# David Industries Derringer



## -gunut- (May 8, 2006)

I dont know if this is the right place to post this but here it goes! Has anyone ever had one in .22mag? Or head of them? I really want one and it is only $100


----------



## Shipwreck (Jan 26, 2006)

I've fired a Derringer in 32 before, that is all. Sorry...


----------



## -gunut- (May 8, 2006)

Shipwreck said:


> I've fired a Derringer in 32 before, that is all. Sorry...


JUst fired? Ever owned? Do you remember who made it?


----------



## Shipwreck (Jan 26, 2006)

It belonged to my ex-wife's family - I was married for years before. So, I "owned" it for a while. Can't remember who it was made by.

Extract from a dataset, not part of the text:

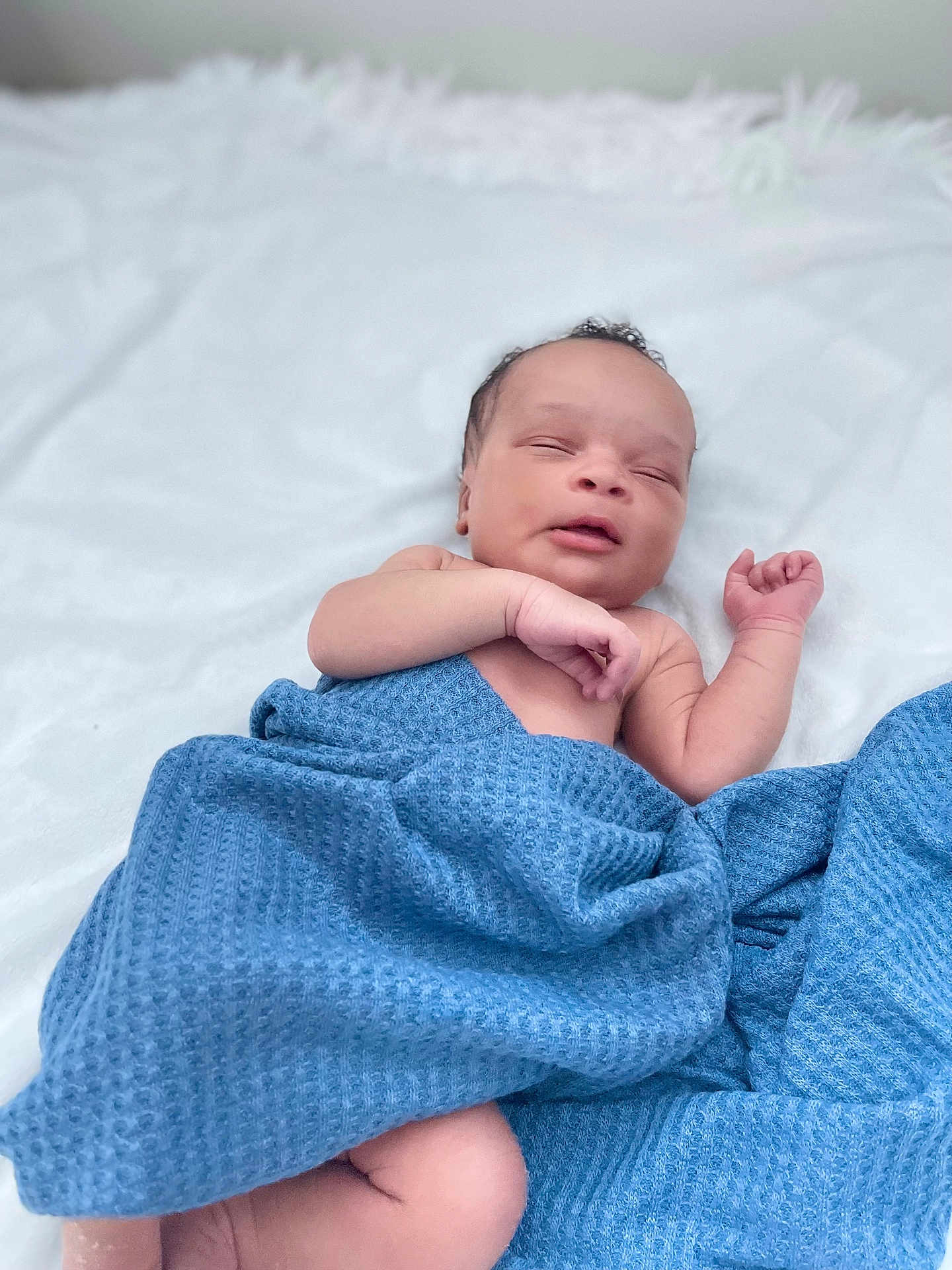 Chibugom is registered to the contest to win money with this photo: baby, newborn, blanket, blue, sleeping, infant, soft, white_background, peaceful, resting, wrapped, cute, skin, hand, face, lying_down, cozy, toddler, indoors, portrait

IMHO, a derringer is a waste of money. It is only accurate a very short distance. But a Keltec or something if U want a tiny gun.


----------



## Dragon (May 21, 2006)

I would have to agree with Shipwreck. Save the $100 bucks and put it towards something else. Shot a friends once, but it didn't peak my interest very much.


----------



## -gunut- (May 8, 2006)

I dont really want it for a good defense gun. That is what .45 is for :-D I want it mainly for light plinking and as a bbq gun.


----------



## Shipwreck (Jan 26, 2006)

But, more than a few feet away, and U won't even hit the paper on the target. It is not a plinker - not by a long shot.


----------



## Dragon (May 21, 2006)

My opinion: If you want one just to say you have one, then by all means get it. Other than that they are just a waste of money.


----------



## DennyCrane (May 11, 2006)

I think an expensive target 22 would be more fun if you want to plink with.


----------



## 1911driver (May 9, 2006)

*derringer*

Davis Industries in Chino, PRK make these guns. They have them in .22Mag. Google them...!!


----------



## -gunut- (May 8, 2006)

*Re: derringer*



1911driver said:


> Davis Industries in Chino, PRK make these guns. They have them in .22Mag. Google them...!!


Yeah I know who makes them. There is not to much on google. I have been going around forums asking to get first hand opinions. Thanks


----------



## Shipwreck (Jan 26, 2006)

I think U'd be better off spending that $100 towards a laser, tac light, more mags, new holster or a 22, as said above...


----------